• by tc4v on 8/25/2024, 11:00:16 AM

    This seems unlikely because LLMs don't produce high quality code, they produce average code. So they don't contribute to a better dataset, they contribute to a narrower dataset around the average. LLM tend to self poison, not to self improve. There is a good chance it already started because of the huge amount of chatgpt code that was put on github since 2021. Maybe if the LLM authors use some quality filter to discard 80%of the dataset it can be avoided.

  • by sitkack on 8/24/2024, 6:09:35 PM

    They don't need that much data.

    They operate in a higher dimensional space.

    You can fine-tune a model trained on JS/Python and teach it Lua with little issue. If you have a proper rosetta for your language to a language that is well represented in the training corpus, it isn't an issue.

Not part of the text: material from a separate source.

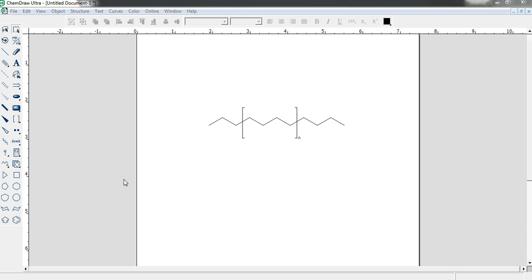Hello everyone, we are going to learn how to draw polymers in ChemDraw. I have drawn a polymer like this one. So we are going to draw exactly this one.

  • by VirusNewbie on 8/24/2024, 9:48:53 PM

    I was wondering if you could go the other way, could the statistical knowledge of what most people want when they type XYZ mean we could use it to design more powerful languages that are even less verbose.

    I don't really know but I hope someone answers this question!

  • by mikewarot on 8/24/2024, 6:53:04 PM

    I've been avoiding trying out CoPilot with Pascal code because I believe this to be true.

    Perhaps it's time to challenge that assumption.